Gabriel Voisin and his brother Charles Voisin created Europe's first successful heavier-than-air flying machines. Before the Voisin brothers, Alberto Santos-Dumont made Europe's first widely hailed airplane flight of 700 feet on November 12, 1906 at Neuilly-Bagatelle (a western suburb of Paris).

Less than a year after the Santos-Dumont flight, the Voisin brothers had designed and built a pusher biplane, powered by an "Antoinette" V-8 engine, that took off on wheels and could fly reasonably well. Purchased and modified by Anglo-French aviation pioneer Henry Farman, a Voisin biplane on January 13, 1908 at Issy-les-Moulineaux became the first airplane in Europe to succeed in landing back where it had taken off after flying a pre-assigned 1 kilometre long closed circuit. Farman, a fine pilot, accomplished this by skidding around while steeply banking the machine by rudder control and shifting his own position. Farman's competing with motorcycles on steeply inclined race tracks had taught him not to fear the experience. He had to turn that way because no airplane in Europe yet had ailerons or wing warping providing much easier and gentler three-axis control.

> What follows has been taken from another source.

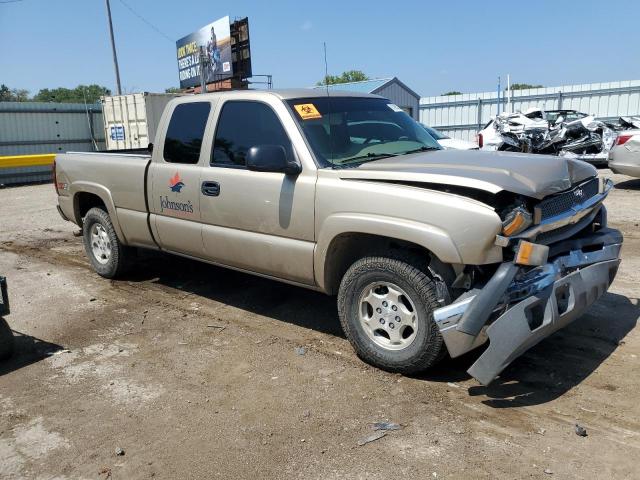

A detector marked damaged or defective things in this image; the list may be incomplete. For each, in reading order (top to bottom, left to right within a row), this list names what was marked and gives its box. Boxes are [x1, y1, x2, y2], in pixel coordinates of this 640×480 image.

broken headlight [502, 206, 532, 236]
damaged front bumper [432, 229, 624, 386]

In August 1908, Wilbur Wright demonstrated, during his first flights in France at Le Mans, the importance of lateral control (missing so far in European designs) and the coordinated use of elevator, rudder and wing warping for making turns. By October 1908, Farman had followed their example and improved his Voisin airplane by installing controllable wing ailerons.

Unlike the Wright brothers' early airplanes, the Voisin biplane flown by Farman on January 1908 took off and landed on its own wheels rather than on skids. With a more powerful Antoinette V-8 engine than the 4 cylinder engine in the early Wright Flyers, the 1908 Farman-Voisin did not need a catapult for take-offs. History's first manned airplane flight (120 feet in a straight line), as performed by Orville Wright on December 17, 1903, began with a controlled take off flown against a 25 MPH sea breeze and entirely under the Wright 1903 Flyer's own engine power. It is highly significant that full control by the pilot around all three axes (pitch, yaw, and roll) already existed on the 1903 Wright Flyer. It was first to incorporate all the controls that are necessary to an airplane. Prior to Wilbur Wright's August 1908 flying demonstrations in France, the Voisins and other European experimenters had produced less maneuverable airplanes with only two-axis control (elevator and rudder only).

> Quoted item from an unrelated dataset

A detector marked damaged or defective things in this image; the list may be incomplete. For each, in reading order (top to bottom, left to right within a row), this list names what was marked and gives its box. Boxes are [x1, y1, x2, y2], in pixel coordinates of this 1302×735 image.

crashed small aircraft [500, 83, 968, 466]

If the Wrights lagged by not moving sooner from skids to wheels, Voisin lagged by resisting change. Whereas Levavasseur of "Antoinette" fame, Louis Blériot, Henry Farman (who with his brother Maurice went on to manufacture airplanes of their own) and other European airplane manufacturers quickly emulated the Wrights, Gabriel Voisin refused to add roll control onto his 1908 flyer. Instead he progressed to more advanced biplanes, now with roll control, which he supplied in large numbers to French military aviation during WW-1.

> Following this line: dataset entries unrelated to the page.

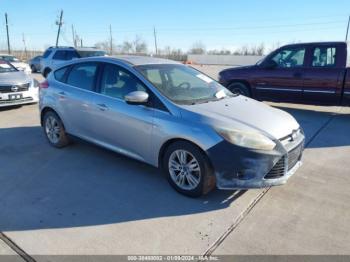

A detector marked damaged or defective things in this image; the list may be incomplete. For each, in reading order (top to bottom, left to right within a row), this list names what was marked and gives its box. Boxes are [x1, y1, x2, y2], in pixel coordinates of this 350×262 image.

cracked headlight [215, 127, 274, 150]
damaged front bumper [206, 130, 304, 188]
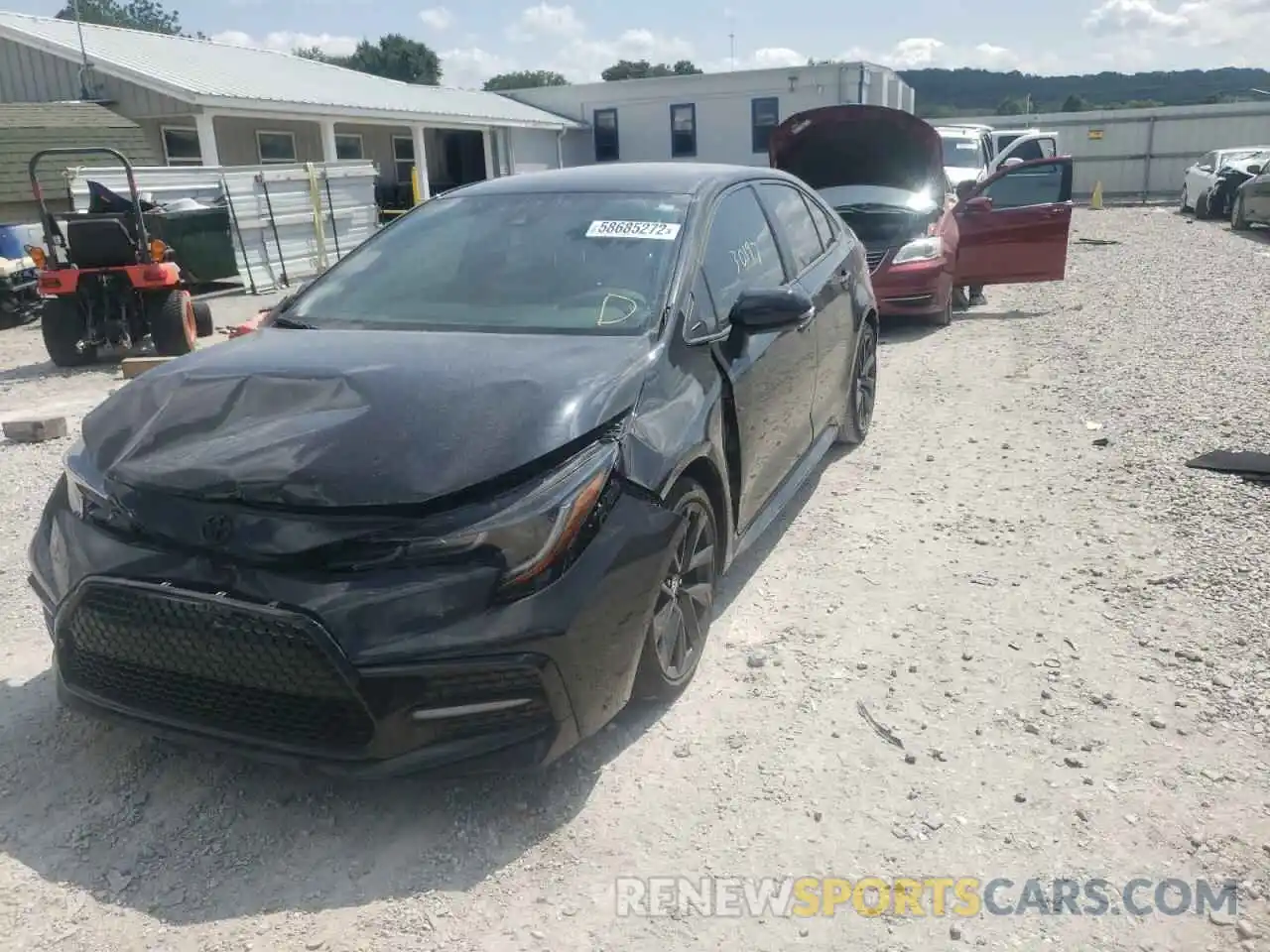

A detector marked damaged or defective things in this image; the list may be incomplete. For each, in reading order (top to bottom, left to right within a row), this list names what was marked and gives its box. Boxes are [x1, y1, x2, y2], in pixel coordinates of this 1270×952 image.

crumpled hood [770, 104, 949, 193]
red damaged car [770, 103, 1080, 327]
crumpled hood [81, 327, 643, 508]
damaged black toyota corolla [32, 162, 881, 774]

In the United States, Glenn Curtiss also availed himself of the Wrights' invention of three-axis control. Consequently, when the world's first air meeting was held at Reims, France, in August 1909, Voisin biplanes were the only participating aircraft that lacked any provision for roll control.

Henri Farman did much to popularize the Voisin biplane, which was a sturdy and dependable machine despite its limited and generally difficult controlability. Farman made many improvements to Voisin's basic design, and much of this early pusher biplane's success and acclaim can be credited to Henri Farman. Flying in the same Voisin biplane in which he had performed Europe's first 1 kilometre circle in January 1908, Farman expanded his records with much longer cross-country flights outside of Paris. An important factor in these feats was that Farman had improved his Voisin biplane with a set of movable wing ailerons that he could control from the pilot's position. For instance, on October 30, 1908, Henri Farman flew non-stop his modified Voisin-Farman biplane over 27 kilometres (16 miles) in 20 minutes, between the towns of Bouy and Reims in eastern France.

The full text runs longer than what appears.